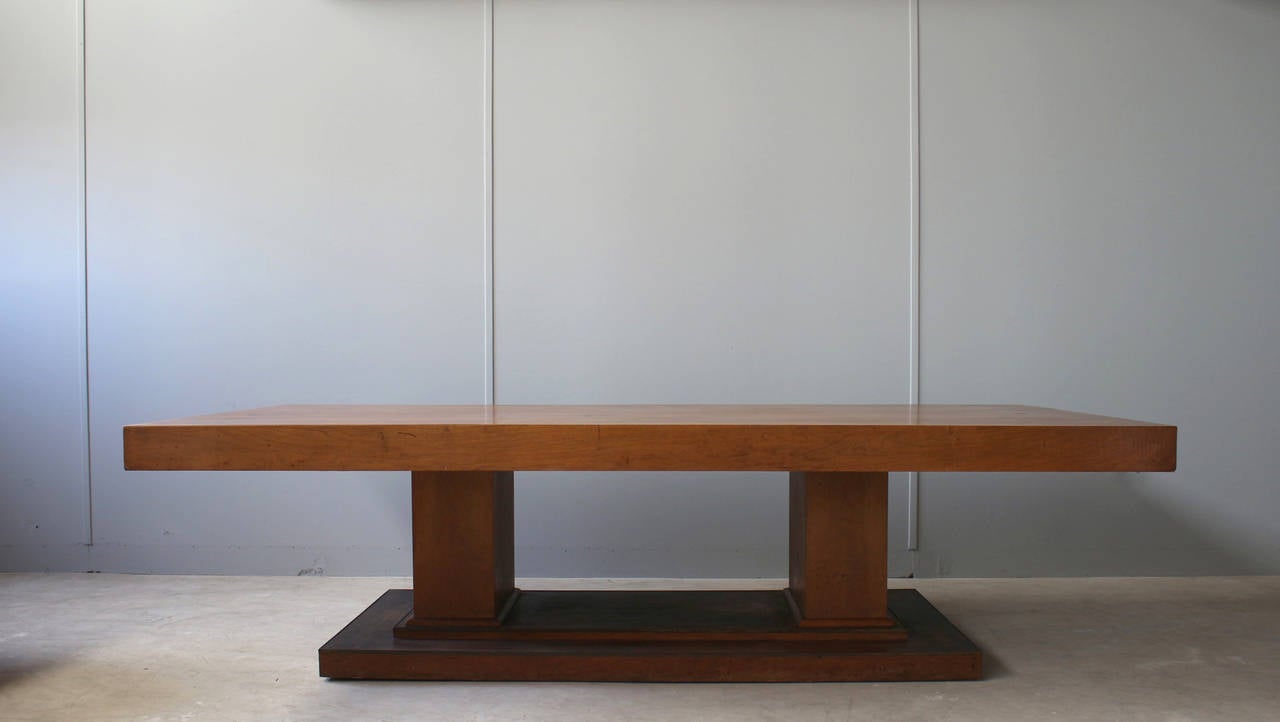 A large French Art Deco walnut pedestal dining/conference table with brass details.
Bibliography: Susan Day, Jean-Charles Moreux Architecte-Decorateur-Paysagiste. Norma editor.
Jean-Charles Moreux (1889-1956) was a French architect, and a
|---|
Each line above with the word "Moreux" needs to be copied.

ANSWER TO THIS TASK:
Bibliography: Susan Day, Jean-Charles Moreux Architecte-Decorateur-Paysagiste. Norma editor.
Jean-Charles Moreux (1889-1956) was a French architect, and a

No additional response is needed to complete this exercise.